Similar to other institutions, Vanderbilt developed and tailored many of its systems over the past 30 years so much that these have become burdensome to maintain and update.

“We can free all of that capacity to support our students and faculty,” Brett Sweet, vice chancellor for finance and chief financial officer, said.

However, this change will not come without its challenges.

L-r: Vice Chancellor John Lutz, Oracle Global Cloud Services and Support’s Joanne Olsen and Huron Consulting Group’s Steve Kish. (John Russell/Vanderbilt)
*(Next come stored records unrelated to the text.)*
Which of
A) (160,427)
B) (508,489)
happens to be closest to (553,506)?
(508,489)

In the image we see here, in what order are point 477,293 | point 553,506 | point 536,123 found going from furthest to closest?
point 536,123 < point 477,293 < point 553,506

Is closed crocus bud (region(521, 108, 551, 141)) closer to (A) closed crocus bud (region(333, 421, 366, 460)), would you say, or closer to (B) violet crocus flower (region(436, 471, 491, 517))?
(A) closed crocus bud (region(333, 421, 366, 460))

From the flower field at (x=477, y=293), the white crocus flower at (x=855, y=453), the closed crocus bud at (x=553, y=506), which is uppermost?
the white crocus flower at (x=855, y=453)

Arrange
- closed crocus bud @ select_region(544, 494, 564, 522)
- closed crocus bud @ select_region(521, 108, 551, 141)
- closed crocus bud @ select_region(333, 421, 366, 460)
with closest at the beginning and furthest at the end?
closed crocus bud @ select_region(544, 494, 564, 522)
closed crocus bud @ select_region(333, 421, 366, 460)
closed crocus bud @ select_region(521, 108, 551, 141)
“I often tell clients and my teams that you don’t just check a box,” said Joanne Olsen, executive vice president of Oracle Global Cloud Services and Support. “This is a journey, not an event. It’s a continual transformation.”
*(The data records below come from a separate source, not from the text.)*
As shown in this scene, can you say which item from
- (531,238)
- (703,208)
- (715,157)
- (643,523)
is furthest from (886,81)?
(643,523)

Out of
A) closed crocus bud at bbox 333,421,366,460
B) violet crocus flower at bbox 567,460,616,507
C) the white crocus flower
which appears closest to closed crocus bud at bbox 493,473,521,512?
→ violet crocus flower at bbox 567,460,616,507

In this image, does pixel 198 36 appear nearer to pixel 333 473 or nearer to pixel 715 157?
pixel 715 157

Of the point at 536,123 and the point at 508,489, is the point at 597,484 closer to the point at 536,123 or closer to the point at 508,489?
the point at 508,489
With 5,000 developers dedicated to cloud solutions at Oracle, Olsen assured the audience that research and development is a top priority for the company.

“We now out-invest IBM in research and development,” Olsen said. “This translates to $5.2 billion spent on R&D to innovate cloud products. Where we’re investing is in the next generation of cloud.”
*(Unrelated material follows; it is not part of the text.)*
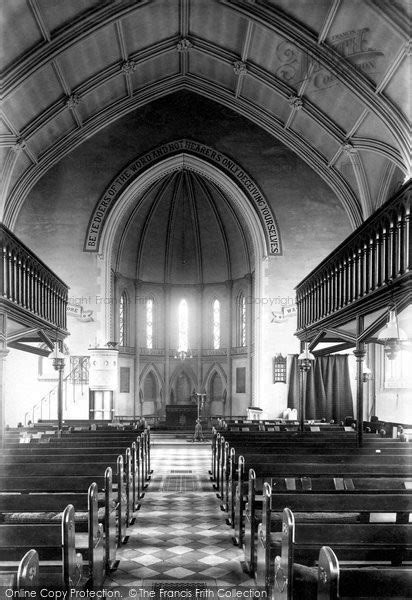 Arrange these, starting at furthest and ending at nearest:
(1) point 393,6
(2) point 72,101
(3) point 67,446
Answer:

As a cloud partner, Oracle will unify and integrate apps, thereby removing this burden from the university, Olsen said. Oracle updates and enhances with new releases twice a year, and Vanderbilt will be able to take full advantage of this continuous innovation.

“There’s nothing magical or miraculous about the cloud,” Olsen said. “What’s fundamentally different is that this will take the burden off of IT and will design apps that are configurable for Vanderbilt.”

A SkyVU project participant asks a question at the Feb. 23 meeting. (John Russell/Vanderbilt)

Eric Kopstain, vice chancellor for administration, said this move to the cloud represents a crucial change that will pay dividends in the future.

“We have great people working here, and we can now take away the burden of nonstandard processes and stop getting in the way of ourselves,” Kopstain said. “Instead, we can apply more energy to our core mission.”